The Commercial International Bank (CIB) introduced a new one-year USD-denominated certificate of deposit (CD) with a monthly yield of 6 percent. The minimum investment for the new CDs is $10,000, and clients can redeem them at any time, as per the bank’s statement.
Meanwhile, on July 26, the state-owned National Bank of Egypt (NBE) and Banque Misr released four USD-denominated annual-yield CDs with a maturity of three years.
These financial initiatives come amid Egypt’s current challenge in addressing a shortage of US dollar liquidity in the local market and a financing gap estimated to reach $17 billion by 2026. To address this, Prime Minister Mostafa Madbouly announced in July the government’s plan to increase the country’s US dollar liquidity to $191 billion by 2026 through revenues from tourism, the Suez Canal, remittances, and commodity exports.

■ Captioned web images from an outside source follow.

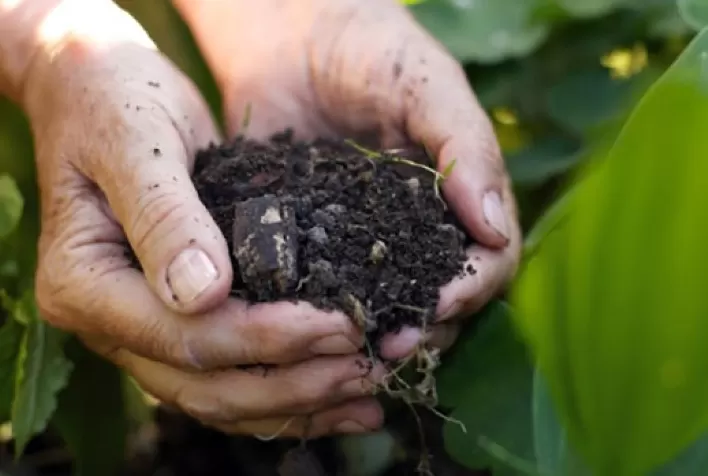 Adubo é um caminho seguro para aumentar a produção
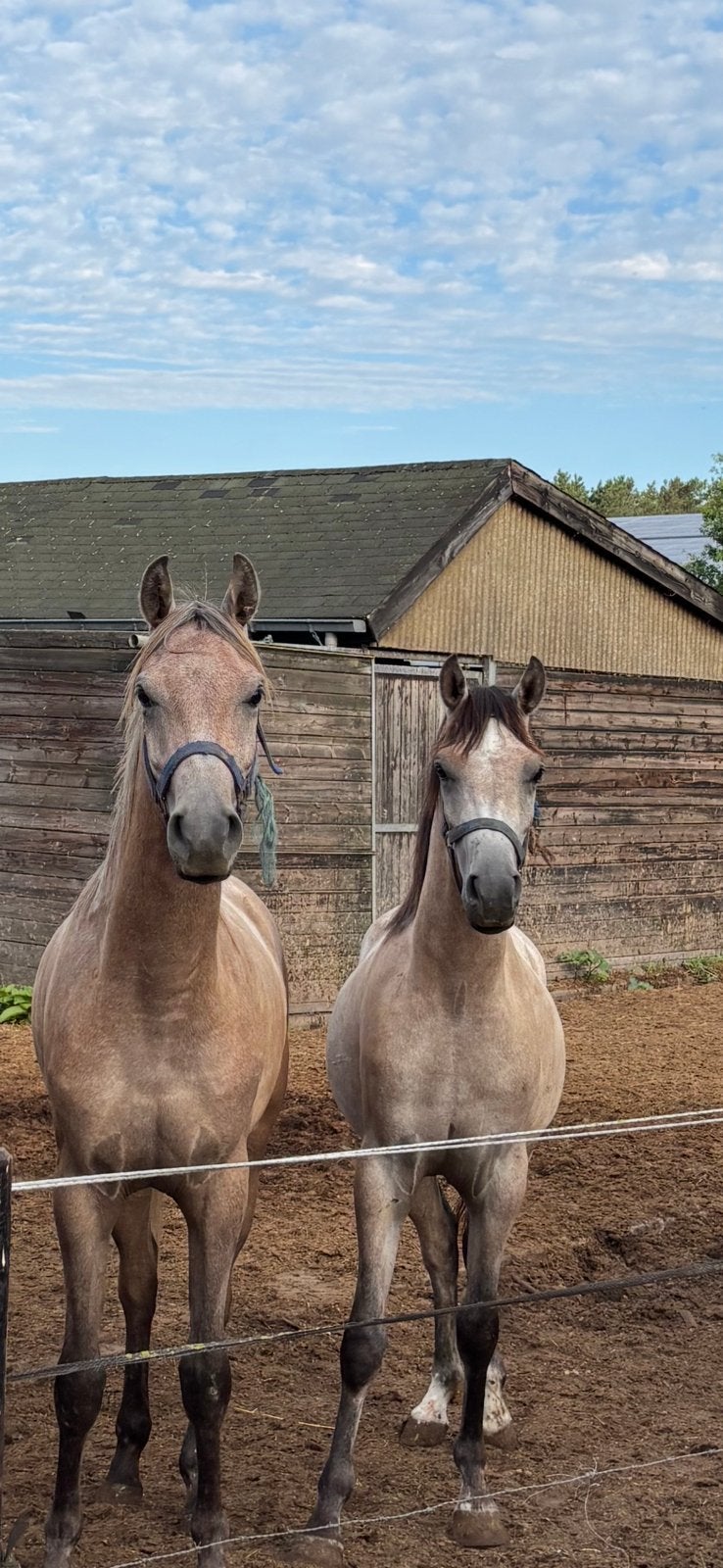 Marron arabe chic (2 x), Hongre, Débourré, Avec pedigree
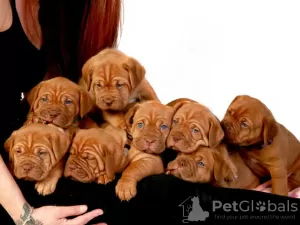 Photo №2 to announcement № 127490 for the sale of dogue de bordeaux - buy in Germany private announcement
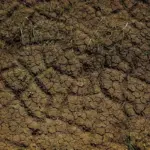 BPBD Gencarkan Pemantauan, 7 Wilayah Jaksel dan 2 Jaktim Rawan Longsor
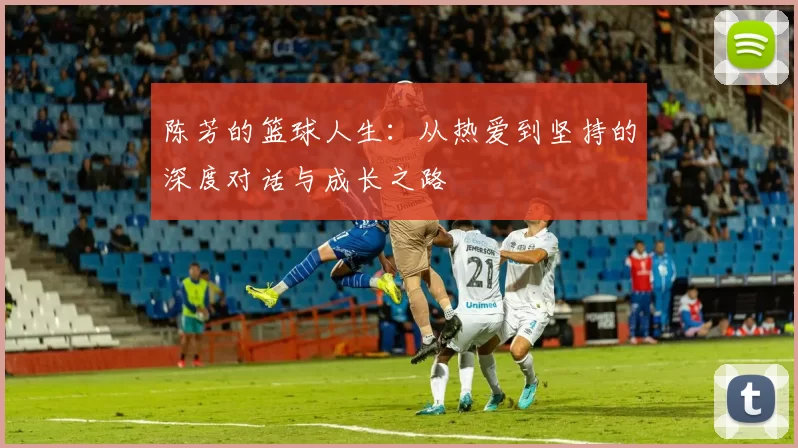 陈芳的篮球人生：从热爱到坚持的深度对话与成长之路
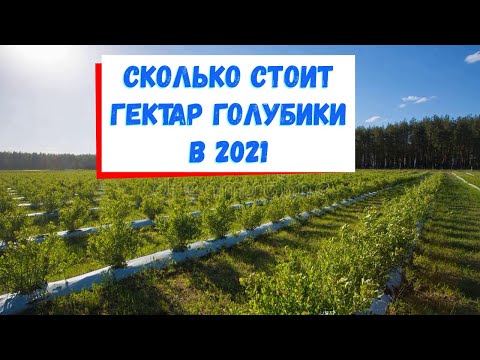 Видео: Сколько стоит гектар голубики в 2021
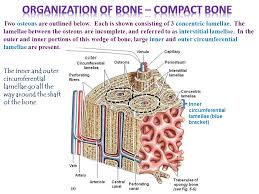 Long bones, like the tibia and fibula, are those. Bone Histology Digital Laboratory It S Best To View This In Slide Show Mode Especially For The Quizzes This Module Will Take Approximately 60 Minutes Ppt Download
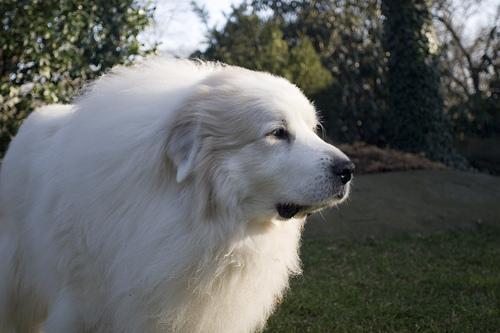 Dog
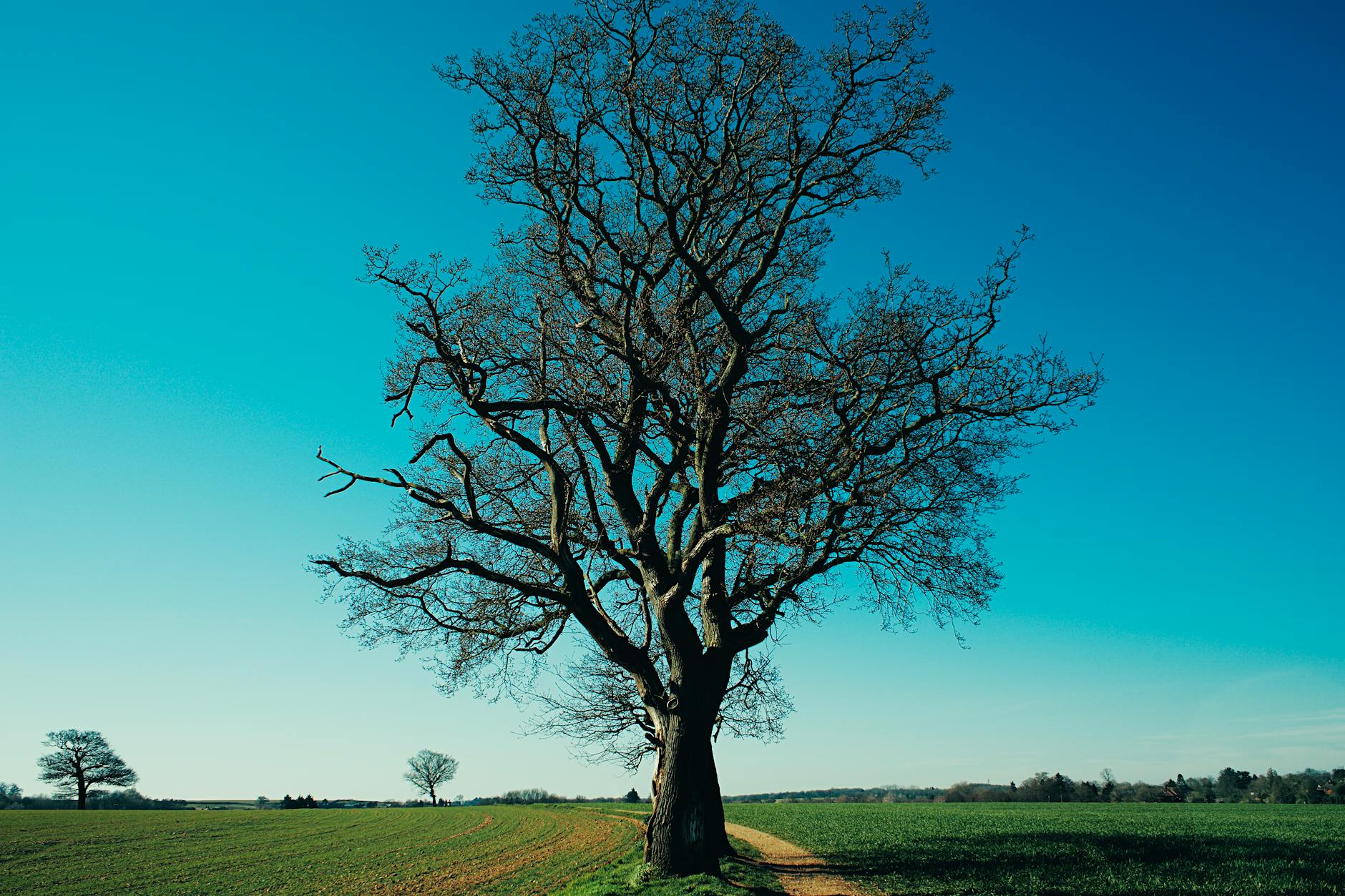 tree on field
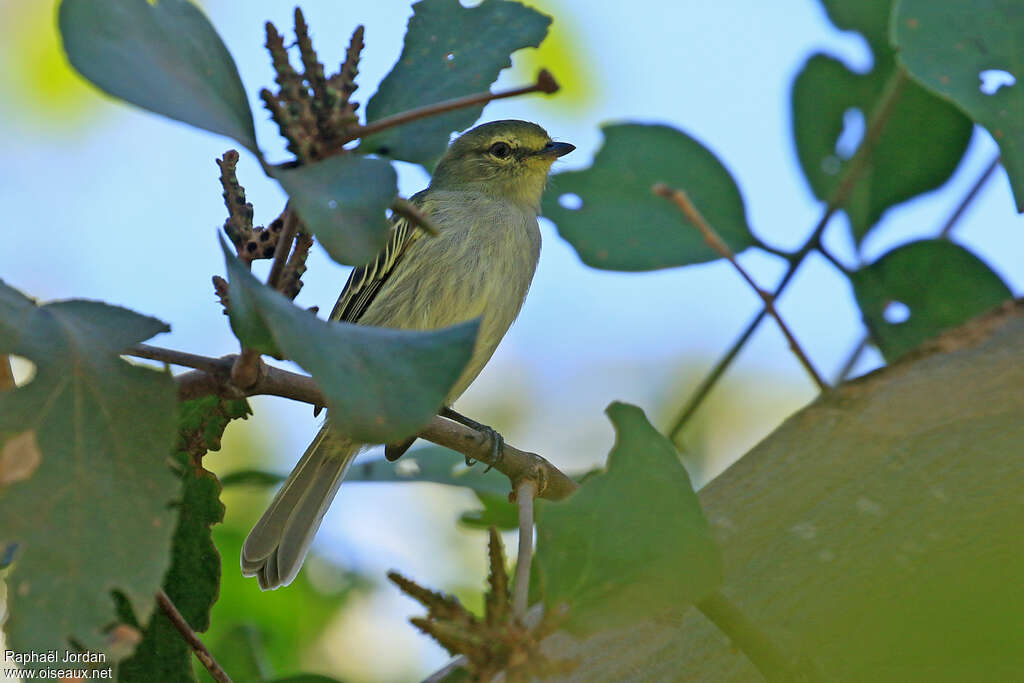 Tyranneau de Coopmansadulte, identification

Over the past 18 months, Egyptian state-owned and private-sector banks have issued several high-yield CDs to absorb liquidity in the local market amidst rising inflation and interest rate hikes. In January, NBE and Banque Misr introduced one-year maturity CDs with a 25 percent yield after one year, the highest yield on record.
CIB, established in 1975, is Egypt’s top private sector bank offering a wide range of financial products and services to businesses of all sizes, institutions, households, and high-net-worth individuals. The bank’s total assets rose to EGP 635.83 billion (or about $20.6 billion) in 2022 from EGP 498.23 billion in 2021.
The Monetary Policy Committee of the Central Bank of Egypt is scheduled to meet on August 3 to review the key interest rates in light of the latest economic developments on the local and global levels.